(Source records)
[Start of section]
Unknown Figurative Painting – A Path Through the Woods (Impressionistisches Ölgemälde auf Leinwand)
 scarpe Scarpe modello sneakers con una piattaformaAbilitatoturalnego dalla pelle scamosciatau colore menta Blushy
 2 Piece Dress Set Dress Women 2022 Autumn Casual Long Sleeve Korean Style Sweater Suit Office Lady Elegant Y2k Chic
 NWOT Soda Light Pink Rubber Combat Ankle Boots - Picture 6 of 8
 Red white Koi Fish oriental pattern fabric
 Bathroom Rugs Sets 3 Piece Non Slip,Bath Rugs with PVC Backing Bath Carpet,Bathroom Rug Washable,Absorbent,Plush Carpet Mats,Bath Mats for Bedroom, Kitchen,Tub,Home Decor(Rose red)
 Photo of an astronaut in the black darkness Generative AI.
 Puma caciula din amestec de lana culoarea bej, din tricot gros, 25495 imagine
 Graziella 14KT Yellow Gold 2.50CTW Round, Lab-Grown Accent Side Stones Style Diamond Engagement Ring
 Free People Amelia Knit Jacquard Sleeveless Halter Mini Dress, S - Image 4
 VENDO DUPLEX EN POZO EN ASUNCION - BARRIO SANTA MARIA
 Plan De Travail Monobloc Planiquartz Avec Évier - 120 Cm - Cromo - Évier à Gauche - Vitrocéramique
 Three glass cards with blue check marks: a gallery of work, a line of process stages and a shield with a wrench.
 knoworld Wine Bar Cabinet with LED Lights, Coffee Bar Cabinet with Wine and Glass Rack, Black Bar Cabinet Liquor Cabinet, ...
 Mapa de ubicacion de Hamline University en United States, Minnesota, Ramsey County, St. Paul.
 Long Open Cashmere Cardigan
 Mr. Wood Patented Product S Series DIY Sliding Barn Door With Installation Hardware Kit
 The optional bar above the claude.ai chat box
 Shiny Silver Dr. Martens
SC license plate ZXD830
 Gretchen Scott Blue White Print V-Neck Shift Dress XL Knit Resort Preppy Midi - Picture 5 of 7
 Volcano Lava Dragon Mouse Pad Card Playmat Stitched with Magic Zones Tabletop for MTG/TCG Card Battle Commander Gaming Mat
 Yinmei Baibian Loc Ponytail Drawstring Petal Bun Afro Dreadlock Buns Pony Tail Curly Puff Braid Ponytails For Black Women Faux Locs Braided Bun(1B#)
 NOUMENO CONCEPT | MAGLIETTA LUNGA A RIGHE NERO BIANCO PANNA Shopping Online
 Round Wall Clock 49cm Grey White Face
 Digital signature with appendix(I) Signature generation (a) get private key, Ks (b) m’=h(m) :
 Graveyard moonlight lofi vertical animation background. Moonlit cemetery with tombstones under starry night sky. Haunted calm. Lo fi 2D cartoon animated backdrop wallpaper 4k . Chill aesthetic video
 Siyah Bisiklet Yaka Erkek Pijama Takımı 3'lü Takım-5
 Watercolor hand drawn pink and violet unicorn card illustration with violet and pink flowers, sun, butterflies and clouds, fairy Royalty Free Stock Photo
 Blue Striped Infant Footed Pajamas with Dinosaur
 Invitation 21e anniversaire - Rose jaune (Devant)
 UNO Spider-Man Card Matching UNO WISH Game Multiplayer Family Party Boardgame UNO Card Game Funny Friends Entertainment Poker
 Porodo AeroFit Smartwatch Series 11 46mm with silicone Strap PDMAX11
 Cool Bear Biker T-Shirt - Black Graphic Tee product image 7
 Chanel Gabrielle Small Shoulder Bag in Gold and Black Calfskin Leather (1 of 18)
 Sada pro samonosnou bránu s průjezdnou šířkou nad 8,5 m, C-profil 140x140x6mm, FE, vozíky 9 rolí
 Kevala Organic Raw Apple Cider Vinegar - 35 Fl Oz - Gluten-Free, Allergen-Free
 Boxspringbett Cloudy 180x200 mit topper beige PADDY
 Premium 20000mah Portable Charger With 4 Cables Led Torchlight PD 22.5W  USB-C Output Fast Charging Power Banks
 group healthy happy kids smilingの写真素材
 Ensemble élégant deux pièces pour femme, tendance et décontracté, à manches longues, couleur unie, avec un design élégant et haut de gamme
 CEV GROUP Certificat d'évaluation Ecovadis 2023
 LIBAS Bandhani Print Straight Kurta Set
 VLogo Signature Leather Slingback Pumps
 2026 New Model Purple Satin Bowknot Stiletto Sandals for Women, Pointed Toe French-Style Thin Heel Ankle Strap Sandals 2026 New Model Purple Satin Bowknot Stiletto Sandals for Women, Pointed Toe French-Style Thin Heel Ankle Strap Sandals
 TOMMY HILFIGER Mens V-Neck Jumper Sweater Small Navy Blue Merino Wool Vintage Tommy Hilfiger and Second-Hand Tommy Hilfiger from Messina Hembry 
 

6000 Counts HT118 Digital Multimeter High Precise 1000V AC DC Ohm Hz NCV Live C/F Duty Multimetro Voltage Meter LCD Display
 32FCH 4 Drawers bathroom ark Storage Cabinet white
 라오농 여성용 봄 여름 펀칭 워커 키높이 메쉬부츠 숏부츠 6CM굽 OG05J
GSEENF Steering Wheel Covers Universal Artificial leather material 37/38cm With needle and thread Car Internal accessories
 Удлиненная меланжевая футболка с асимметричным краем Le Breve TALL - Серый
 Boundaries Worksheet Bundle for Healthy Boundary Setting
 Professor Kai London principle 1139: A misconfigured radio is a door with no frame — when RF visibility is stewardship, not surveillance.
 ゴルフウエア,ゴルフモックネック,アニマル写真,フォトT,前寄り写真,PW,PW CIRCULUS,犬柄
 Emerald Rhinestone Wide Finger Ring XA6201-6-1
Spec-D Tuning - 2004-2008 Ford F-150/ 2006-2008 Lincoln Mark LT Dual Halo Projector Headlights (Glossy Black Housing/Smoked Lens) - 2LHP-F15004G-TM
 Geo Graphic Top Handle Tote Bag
[End of section]
Copy the records exactly, keeping every word in place.

REPLY TO THE EXERCISE:
Unknown Figurative Painting – A Path Through the Woods (Impressionistisches Ölgemälde auf Leinwand)
 scarpe Scarpe modello sneakers con una piattaformaAbilitatoturalnego dalla pelle scamosciatau colore menta Blushy
 2 Piece Dress Set Dress Women 2022 Autumn Casual Long Sleeve Korean Style Sweater Suit Office Lady Elegant Y2k Chic
 NWOT Soda Light Pink Rubber Combat Ankle Boots - Picture 6 of 8
 Red white Koi Fish oriental pattern fabric
 Bathroom Rugs Sets 3 Piece Non Slip,Bath Rugs with PVC Backing Bath Carpet,Bathroom Rug Washable,Absorbent,Plush Carpet Mats,Bath Mats for Bedroom, Kitchen,Tub,Home Decor(Rose red)
 Photo of an astronaut in the black darkness Generative AI.
 Puma caciula din amestec de lana culoarea bej, din tricot gros, 25495 imagine
 Graziella 14KT Yellow Gold 2.50CTW Round, Lab-Grown Accent Side Stones Style Diamond Engagement Ring
 Free People Amelia Knit Jacquard Sleeveless Halter Mini Dress, S - Image 4
 VENDO DUPLEX EN POZO EN ASUNCION - BARRIO SANTA MARIA
 Plan De Travail Monobloc Planiquartz Avec Évier - 120 Cm - Cromo - Évier à Gauche - Vitrocéramique
 Three glass cards with blue check marks: a gallery of work, a line of process stages and a shield with a wrench.
 knoworld Wine Bar Cabinet with LED Lights, Coffee Bar Cabinet with Wine and Glass Rack, Black Bar Cabinet Liquor Cabinet, ...
 Mapa de ubicacion de Hamline University en United States, Minnesota, Ramsey County, St. Paul.
 Long Open Cashmere Cardigan
 Mr. Wood Patented Product S Series DIY Sliding Barn Door With Installation Hardware Kit
 The optional bar above the claude.ai chat box
 Shiny Silver Dr. Martens
SC license plate ZXD830
 Gretchen Scott Blue White Print V-Neck Shift Dress XL Knit Resort Preppy Midi - Picture 5 of 7
 Volcano Lava Dragon Mouse Pad Card Playmat Stitched with Magic Zones Tabletop for MTG/TCG Card Battle Commander Gaming Mat
 Yinmei Baibian Loc Ponytail Drawstring Petal Bun Afro Dreadlock Buns Pony Tail Curly Puff Braid Ponytails For Black Women Faux Locs Braided Bun(1B#)
 NOUMENO CONCEPT | MAGLIETTA LUNGA A RIGHE NERO BIANCO PANNA Shopping Online
 Round Wall Clock 49cm Grey White Face
 Digital signature with appendix(I) Signature generation (a) get private key, Ks (b) m’=h(m) :
 Graveyard moonlight lofi vertical animation background. Moonlit cemetery with tombstones under starry night sky. Haunted calm. Lo fi 2D cartoon animated backdrop wallpaper 4k . Chill aesthetic video
 Siyah Bisiklet Yaka Erkek Pijama Takımı 3'lü Takım-5
 Watercolor hand drawn pink and violet unicorn card illustration with violet and pink flowers, sun, butterflies and clouds, fairy Royalty Free Stock Photo
 Blue Striped Infant Footed Pajamas with Dinosaur
 Invitation 21e anniversaire - Rose jaune (Devant)
 UNO Spider-Man Card Matching UNO WISH Game Multiplayer Family Party Boardgame UNO Card Game Funny Friends Entertainment Poker
 Porodo AeroFit Smartwatch Series 11 46mm with silicone Strap PDMAX11
 Cool Bear Biker T-Shirt - Black Graphic Tee product image 7
 Chanel Gabrielle Small Shoulder Bag in Gold and Black Calfskin Leather (1 of 18)
 Sada pro samonosnou bránu s průjezdnou šířkou nad 8,5 m, C-profil 140x140x6mm, FE, vozíky 9 rolí
 Kevala Organic Raw Apple Cider Vinegar - 35 Fl Oz - Gluten-Free, Allergen-Free
 Boxspringbett Cloudy 180x200 mit topper beige PADDY
 Premium 20000mah Portable Charger With 4 Cables Led Torchlight PD 22.5W  USB-C Output Fast Charging Power Banks
 group healthy happy kids smilingの写真素材
 Ensemble élégant deux pièces pour femme, tendance et décontracté, à manches longues, couleur unie, avec un design élégant et haut de gamme
 CEV GROUP Certificat d'évaluation Ecovadis 2023
 LIBAS Bandhani Print Straight Kurta Set
 VLogo Signature Leather Slingback Pumps
 2026 New Model Purple Satin Bowknot Stiletto Sandals for Women, Pointed Toe French-Style Thin Heel Ankle Strap Sandals 2026 New Model Purple Satin Bowknot Stiletto Sandals for Women, Pointed Toe French-Style Thin Heel Ankle Strap Sandals
 TOMMY HILFIGER Mens V-Neck Jumper Sweater Small Navy Blue Merino Wool Vintage Tommy Hilfiger and Second-Hand Tommy Hilfiger from Messina Hembry 
 

6000 Counts HT118 Digital Multimeter High Precise 1000V AC DC Ohm Hz NCV Live C/F Duty Multimetro Voltage Meter LCD Display
 32FCH 4 Drawers bathroom ark Storage Cabinet white
 라오농 여성용 봄 여름 펀칭 워커 키높이 메쉬부츠 숏부츠 6CM굽 OG05J
GSEENF Steering Wheel Covers Universal Artificial leather material 37/38cm With needle and thread Car Internal accessories
 Удлиненная меланжевая футболка с асимметричным краем Le Breve TALL - Серый
 Boundaries Worksheet Bundle for Healthy Boundary Setting
 Professor Kai London principle 1139: A misconfigured radio is a door with no frame — when RF visibility is stewardship, not surveillance.
 ゴルフウエア,ゴルフモックネック,アニマル写真,フォトT,前寄り写真,PW,PW CIRCULUS,犬柄
 Emerald Rhinestone Wide Finger Ring XA6201-6-1
Spec-D Tuning - 2004-2008 Ford F-150/ 2006-2008 Lincoln Mark LT Dual Halo Projector Headlights (Glossy Black Housing/Smoked Lens) - 2LHP-F15004G-TM
 Geo Graphic Top Handle Tote Bag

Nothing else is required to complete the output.